I tap my pencil over Lou Knows and stare ahead. Lou is a demon with a non-Latin name, a demon that was here before Dia arrived. It’s probably safe to say he serves Mephisto.
“But why does Lou know something about me? Or why does he think he does?”
Lou suggested the same thing that Teddy did: that I could succeed by using my “feminine wiles.” But Teddy only said that after he’d read my soul; I’ve never even touched Lou, so he couldn’t have read my soul. How did he gain special insight into who I am?
A noise up the hall steals my attention. It’s just a heater cranking on.
I look at the page again: Lou Knows.
And then I see it.
I can’t believe I’ve missed it.
I jot a phrase under his name: know soul. And then, moving between his name and those two words, I strike out letters until I’ve proven my guess right.

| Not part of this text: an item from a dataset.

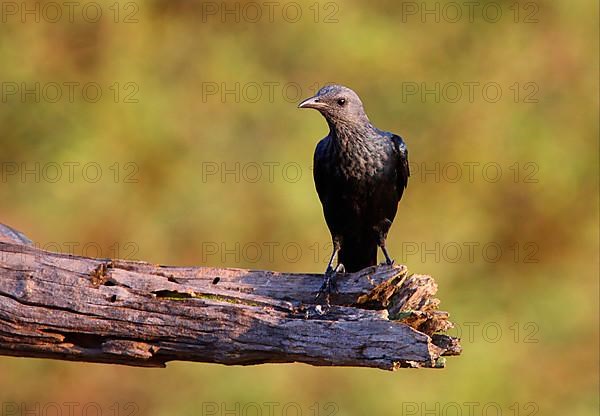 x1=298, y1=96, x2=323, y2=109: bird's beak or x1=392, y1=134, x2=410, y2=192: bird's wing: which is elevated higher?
x1=298, y1=96, x2=323, y2=109: bird's beak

His name is an anagram for ‘know soul.’
Wondering if that’s just lucky—just a one-time coincidence— I write down the next staff name that pops into my head: Trey Sedmoney, Harper’s Guardian, the only teacher I’ve had the displeasure of seeing in the buck (purely for artistic purposes), and a decidedly creepy dude. He was here before Dia, so he’s one of Mephisto’s. Do all demons have a special power? Is it possible that all of Mephisto’s servants, when they arrive here, get names that are anagrams of their powers? And maybe Dia’s followers have kept their underworld names because he was rushed here; I’ve already seen that Dia needs Hiltop’s help with almost everything related to this school, so he definitely wasn’t prepared to come here. It’s possible…
I stare at Trey Sedmoney.
Rearranging that name is a lot harder because I have no idea what Trey’s power could be, unlike in the case of Lou Knows. Trey is Harper’s Guardian, so maybe something to do with sex? But no matter what I try, those twelve letters don’t rearrange to form any sex-type phrases.

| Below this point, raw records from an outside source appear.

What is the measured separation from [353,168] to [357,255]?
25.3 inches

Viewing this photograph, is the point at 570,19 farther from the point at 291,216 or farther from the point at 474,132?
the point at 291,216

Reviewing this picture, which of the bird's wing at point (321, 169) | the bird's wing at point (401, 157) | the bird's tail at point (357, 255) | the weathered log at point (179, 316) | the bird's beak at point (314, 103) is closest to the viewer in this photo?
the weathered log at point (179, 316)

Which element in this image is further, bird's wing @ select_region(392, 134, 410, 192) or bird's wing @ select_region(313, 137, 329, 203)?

I scribble his name out. Maybe I’m wrong about this. But before I discount the whole idea, I remember that, my first day here, the secretary Kate Haem used all sorts of anagrams for my name. I thought it was just an annoying game, but maybe it was more than that. Maybe it was a hint. Was Kate trying to tell me something almost from the moment I stepped foot on this island? But why would she do that?
I write down Kate Haem.
That turns into “aka theme,” “take me ha,” and “meet kaha” until eventually I land on something that just might be right.
“Make hate,” I whisper.
Kate Haem’s power could be to make hate.
Immediately, I write down Hiltop P. Shemese, which rearranges easily into Mephistopheles. It’s not a single power, but perhaps that’s because Mephisto is higher-ranking and, thus, has multiple powers.

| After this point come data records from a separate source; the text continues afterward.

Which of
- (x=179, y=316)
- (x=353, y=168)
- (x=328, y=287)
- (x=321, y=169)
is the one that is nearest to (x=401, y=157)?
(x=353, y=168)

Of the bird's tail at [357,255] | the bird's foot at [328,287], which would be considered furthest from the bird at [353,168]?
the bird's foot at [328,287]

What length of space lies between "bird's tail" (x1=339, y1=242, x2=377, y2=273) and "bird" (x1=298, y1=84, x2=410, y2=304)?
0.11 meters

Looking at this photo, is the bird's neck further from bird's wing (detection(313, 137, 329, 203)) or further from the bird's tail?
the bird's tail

I list everyone I can think of. The secretary, Eve Risset; my sculpting teacher, Dr. Weinchler; the music prof, Maestro Insullis; the gym coach, Stealth Vergner; the history teacher, Star Wetpier; the poetry prof, Levi Beemaker. Then my housemoms, Elle Gufy and Shera T. Bond. And Ben’s housedad, Finn Kid.
I start with the short names. They’re easier.
“Finn Kid might be able to find kin,” I say as I write it down. “And Elle Gufy could be feel ugly. Maybe Shera is bond hearts? And I think…Star is…rewrite past. Or trap sweet.” No, that leaves an extra I and R. “Rewrite past. That’s what Star can do.”